Thursday, December 31, 2009

The Liberal Soldier & Directing

Okay, so yesterday was a first for me. CSE (my company) and I met at a local library to do some casting for a documentary that we are producing and plan to put on youtube. Casting was too easy. There was a decent turn out, and we got the roles filled.

So, then, we started our first day of shooting. The script itself is based on the Rufus M. Rose ghost story, based on the Rufus M. Rose House in downtown Atlanta. So I was acting as writer and project director, while Ed passed as the casting director and unit director.

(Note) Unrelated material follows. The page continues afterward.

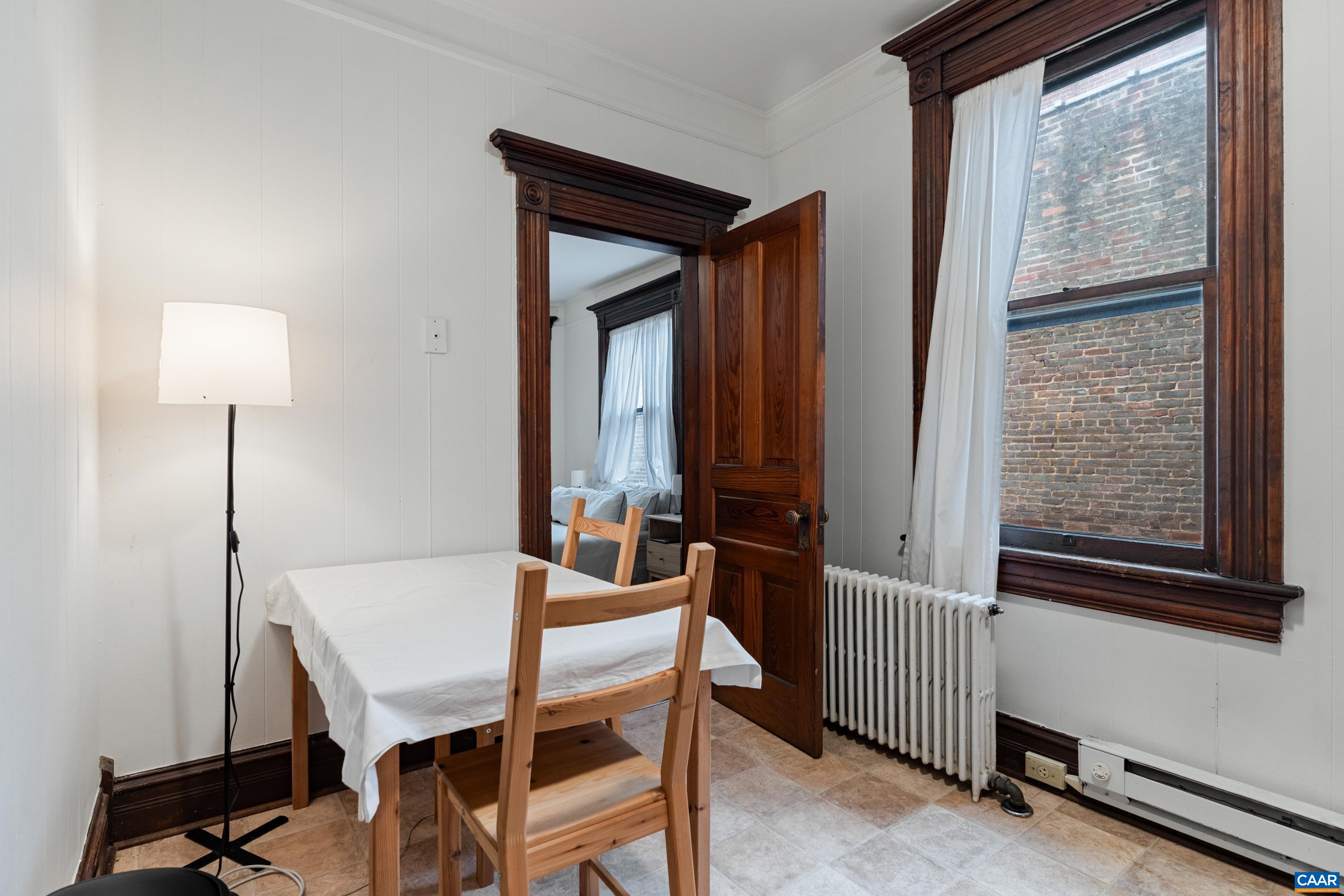 10 N MARKET ST, STAUNTON, Virginia 24401, ,Residential,10 N MARKET ST,676088 MLS # 676088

Our first shots were monochrome of the guy that we got to play Rufus M. Rose. Everything went well, and we are scheduled for two more days of filming this weekend. After that, there will be some minor post-production (which I will start this afternoon), and then we can release the project to the world.

Should be great!

Sometimes I wonder if I made the right choice by being Guard. Sometimes the bills can be a struggle, but I'd much rather be in the struggle, and have my freedom to do stuff like this. Not that Active guys don't but they have alot more stress daily, I think. Hats off to all my Active buds.

For more info on the project, check out my Ghost Blog on my profile!

Tuesday, December 29, 2009

The Liberal Soldier, NCOs, & Christmas Musings

Well, I have a lot of differing opinions on this topic. Being lower enlisted, I certainly do get to see the work side of an NCO, and as I am now one of the Senior E4s in my state, my commander wants to send me to BNOC, I'm starting to see the other side to it as well.

Firstly, let me say that the labor relationship within the Army is unique. It can be demeaning at times, and better than anything else at others. I think that the degree wih which you work with thes people is so much more than the common 'workday' that it creates a totally different environment than a 'work' environment.

I've even heard it somewhere said that NCOs are supposed to regard their soldiers as if they were their kids or something, and I think alot of those family bonds do exist. Overseas I had my section sgt, who we titled Grandpa, he was a Harley Riding Native American. I had another Sgt, who was in my Platoon who looked after me alot, who I suppose could have been something like a Father figure. And my direct line leader was like an older brother, and he saved my ass on more times than I can count.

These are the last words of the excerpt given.